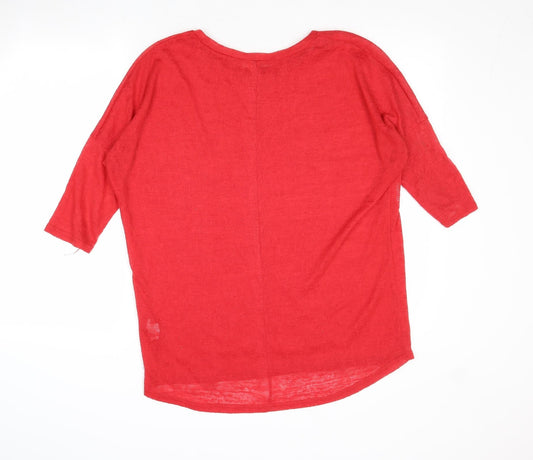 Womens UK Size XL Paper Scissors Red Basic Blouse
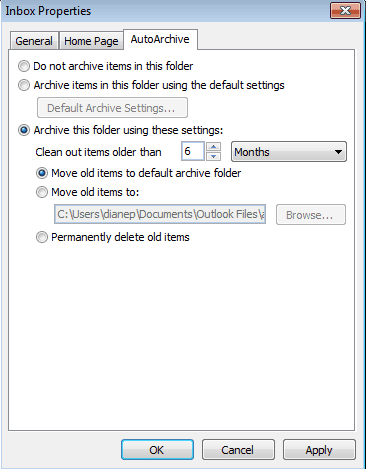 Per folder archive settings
* * *
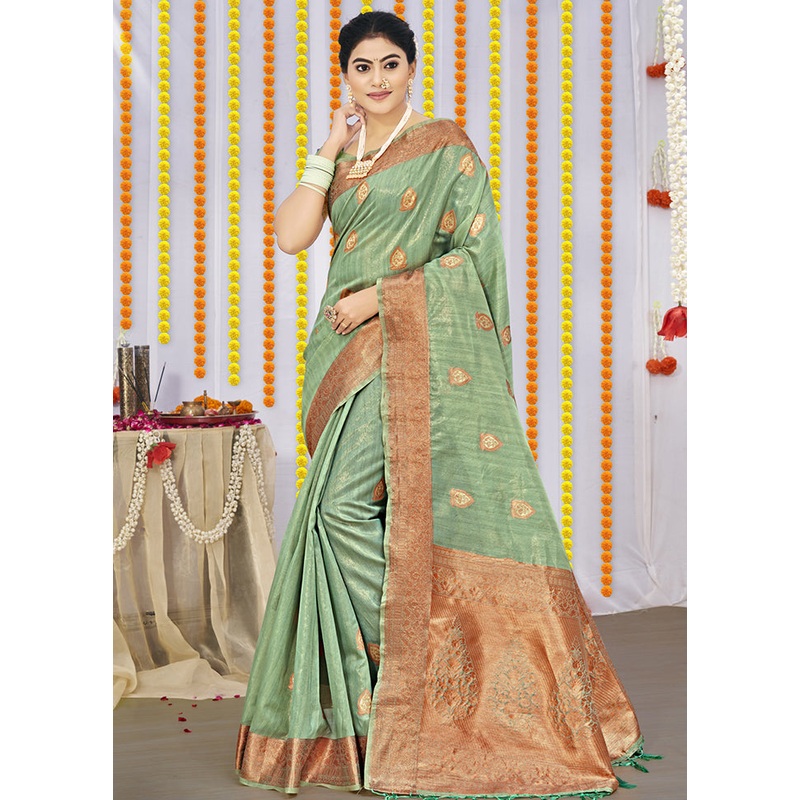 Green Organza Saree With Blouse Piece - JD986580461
* * *
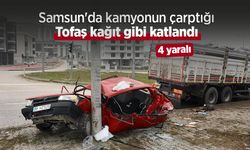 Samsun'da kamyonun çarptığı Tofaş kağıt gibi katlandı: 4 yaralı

TRY IT
Copy back exactly the lines above from the one containing "Womens UK Size" through the one containing "Per folder archive settings", and leave every picture behind.

COMPLETED EXERCISE
 Womens UK Size XL Paper Scissors Red Basic Blouse
 Per folder archive settings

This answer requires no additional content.